■ Your task ■
What is needed here is an exact printout of the data, with no pictures included.

■ Exercise input ■
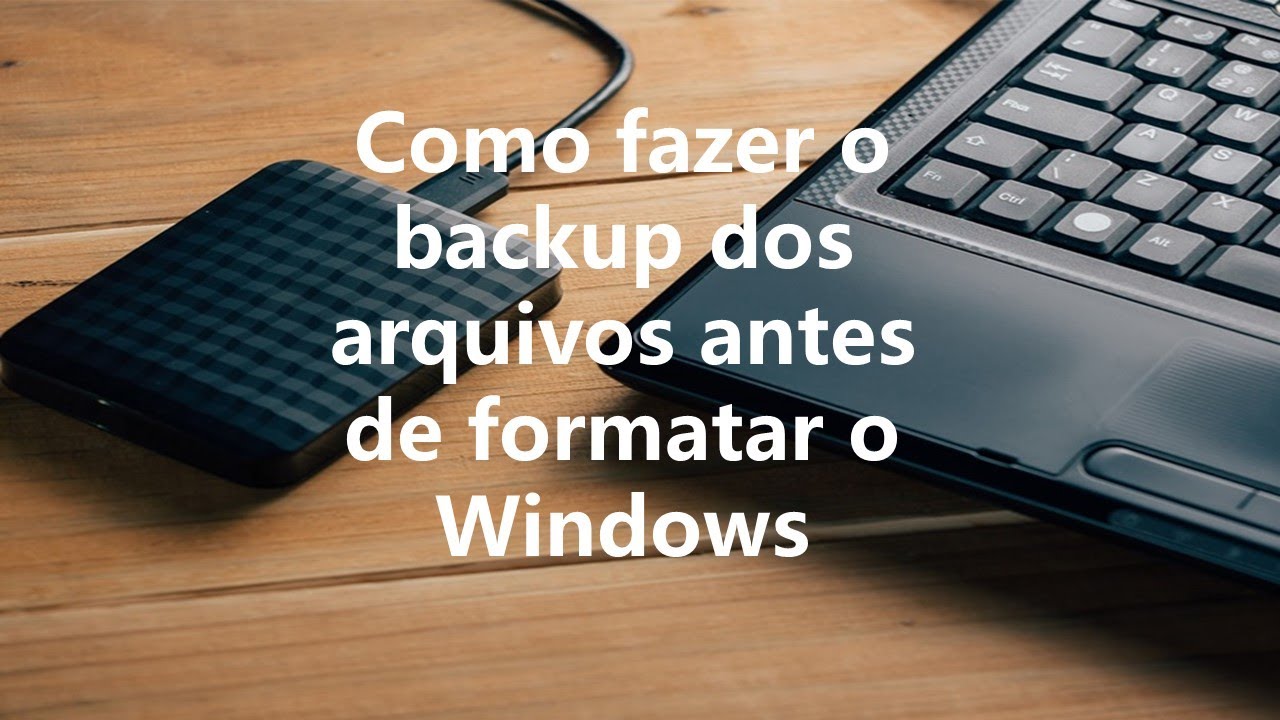 Como fazer o backup dos arquivos antes de formatar o windows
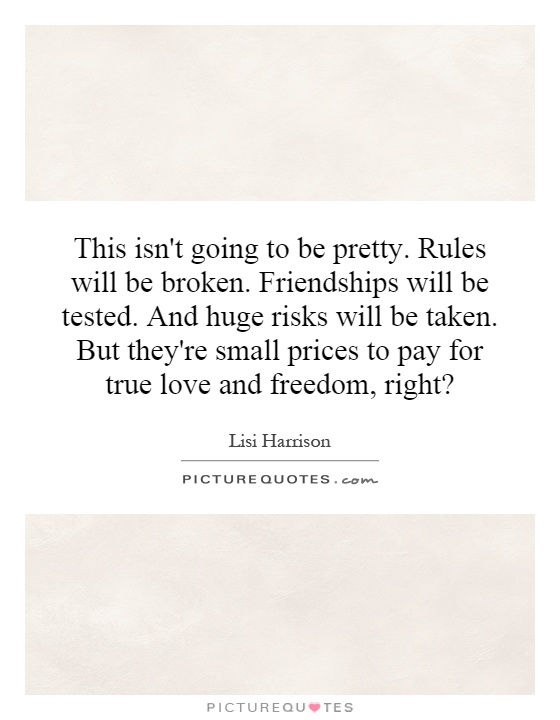 This isn't going to be pretty. Rules will be broken. Friendships will be tested. And huge risks will be taken. But they're small prices to pay for true love and freedom, right? Picture Quote #1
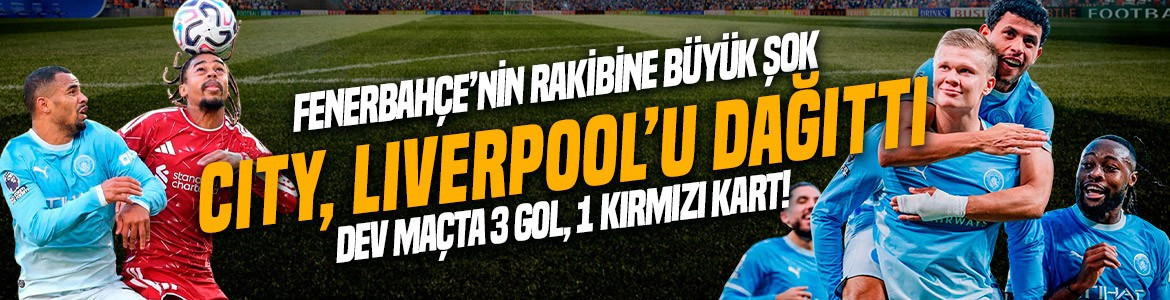 3 gol, 1 kırmızı kart! Dev maçta Manchester City, Liverpool deplasmanında kazandı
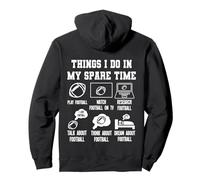 Things I Don in my Spare Time Funny Football Sudadera con Capucha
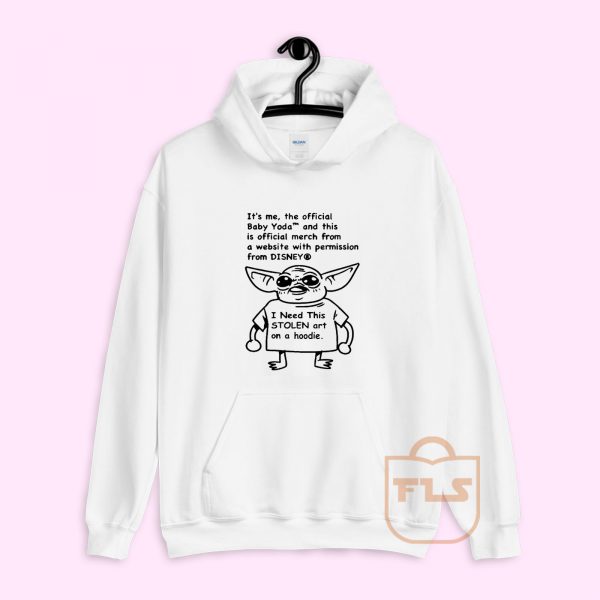 Yoda Need This Stolen Art On A Hoodie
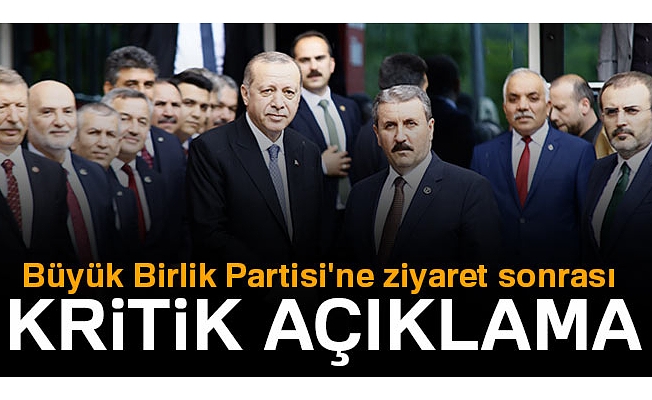 Cumhurbaşkanı Erdoğan'dan Büyük Birlik Partisi'ne ziyaret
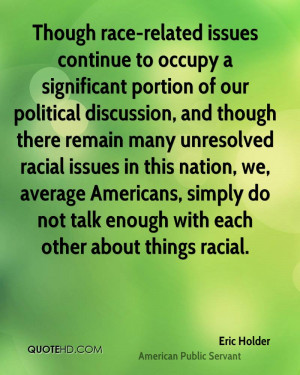 Though race-related issues continue to occupy a significant portion of ...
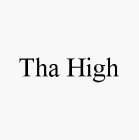 THA HIGH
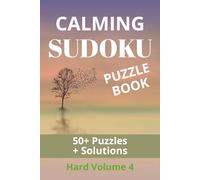 Calming Sudoku Puzzle Book: HARD Puzzles Volume 4 to Help Relax the Mind and Focus | 6X9 inches, 114 Pages | 50+ Puzzles | Solutions Included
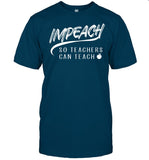 Diaryofabluedot Impeach So Teachers Can Teach Shirt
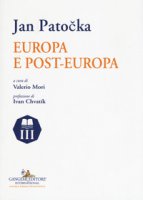 Europa e post-Europa - Patocka Jan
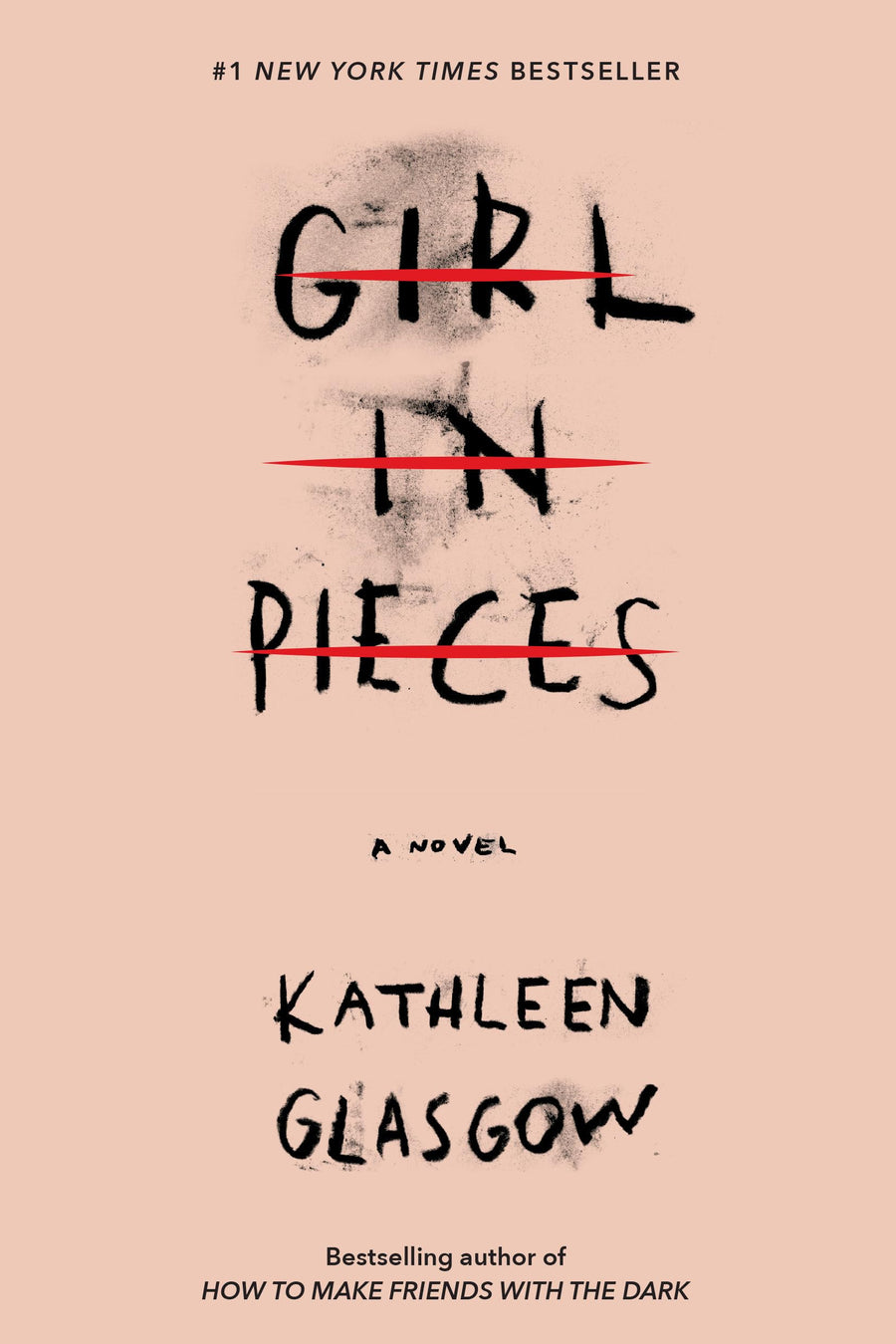 Girl in Pieces -- Kathleen Glasgow, Paperback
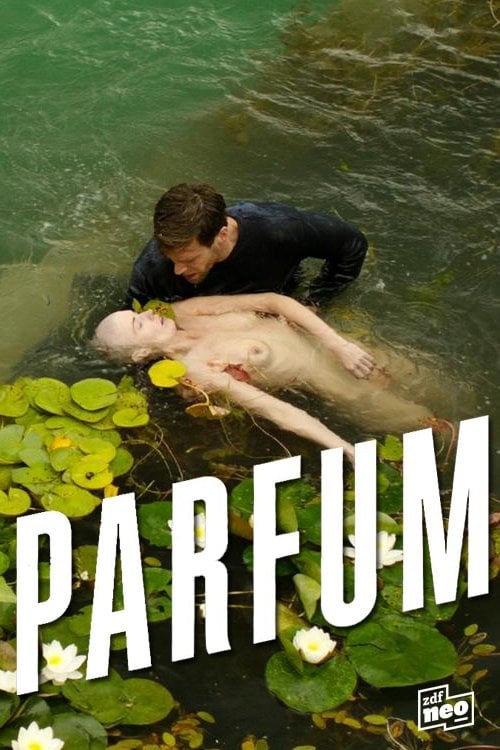 El perfume - Eva Kranenburg, Oliver Berben, Philipp Kadelbach · 2018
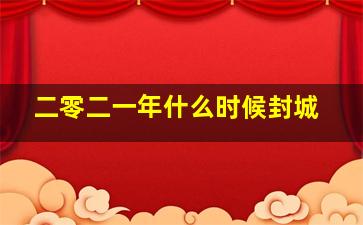 二零二一年什么时候封城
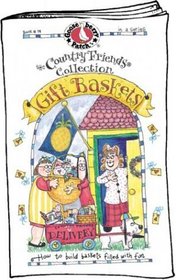 Gift Baskets: How to Build Baskets Filled with Fun (The Country Friends Collection)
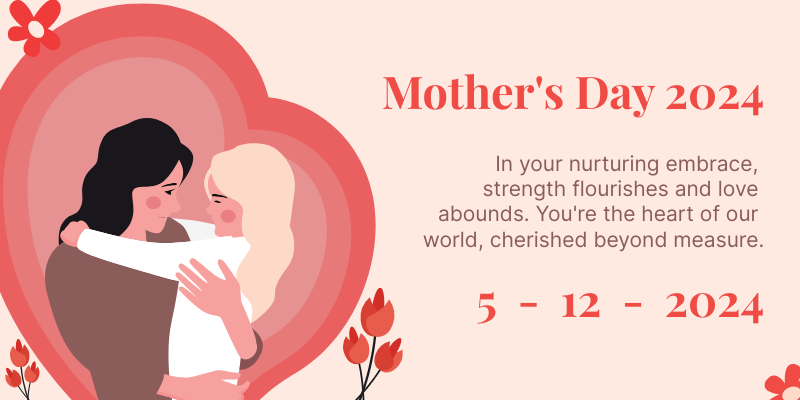 Mother's Day 2024 Template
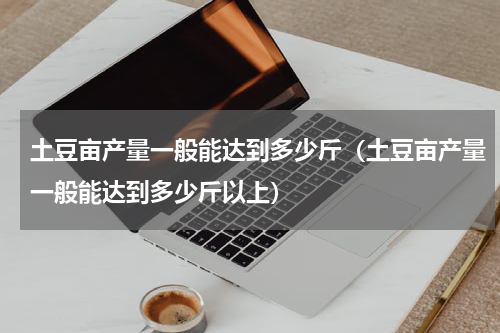 土豆亩产量一般能达到多少斤（土豆亩产量一般能达到多少斤以上）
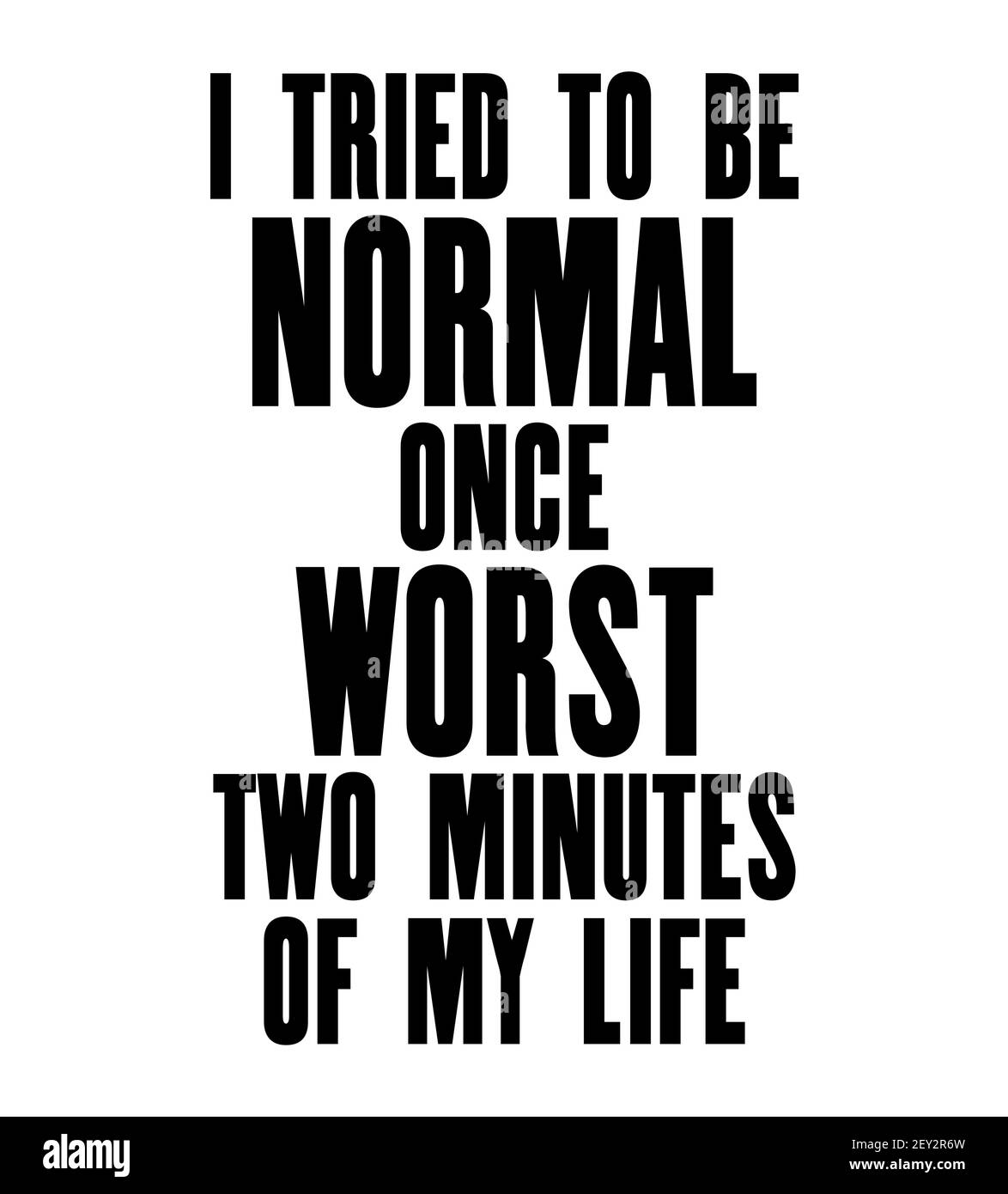 Inspiring motivation quote with text I Tried To Be Normal Once Worst Two Minutes Of My Life. Vector typography poster and t-shirt design. canvas textu Stock Vector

■ Result ■
 Como fazer o backup dos arquivos antes de formatar o windows
 This isn't going to be pretty. Rules will be broken. Friendships will be tested. And huge risks will be taken. But they're small prices to pay for true love and freedom, right? Picture Quote #1
 3 gol, 1 kırmızı kart! Dev maçta Manchester City, Liverpool deplasmanında kazandı
 Things I Don in my Spare Time Funny Football Sudadera con Capucha
 Yoda Need This Stolen Art On A Hoodie
 Cumhurbaşkanı Erdoğan'dan Büyük Birlik Partisi'ne ziyaret
 Though race-related issues continue to occupy a significant portion of ...
 THA HIGH
 Calming Sudoku Puzzle Book: HARD Puzzles Volume 4 to Help Relax the Mind and Focus | 6X9 inches, 114 Pages | 50+ Puzzles | Solutions Included
 Diaryofabluedot Impeach So Teachers Can Teach Shirt
 Europa e post-Europa - Patocka Jan
 Girl in Pieces -- Kathleen Glasgow, Paperback
 El perfume - Eva Kranenburg, Oliver Berben, Philipp Kadelbach · 2018
 二零二一年什么时候封城
 Gift Baskets: How to Build Baskets Filled with Fun (The Country Friends Collection)
 Mother's Day 2024 Template
 土豆亩产量一般能达到多少斤（土豆亩产量一般能达到多少斤以上）
 Inspiring motivation quote with text I Tried To Be Normal Once Worst Two Minutes Of My Life. Vector typography poster and t-shirt design. canvas textu Stock Vector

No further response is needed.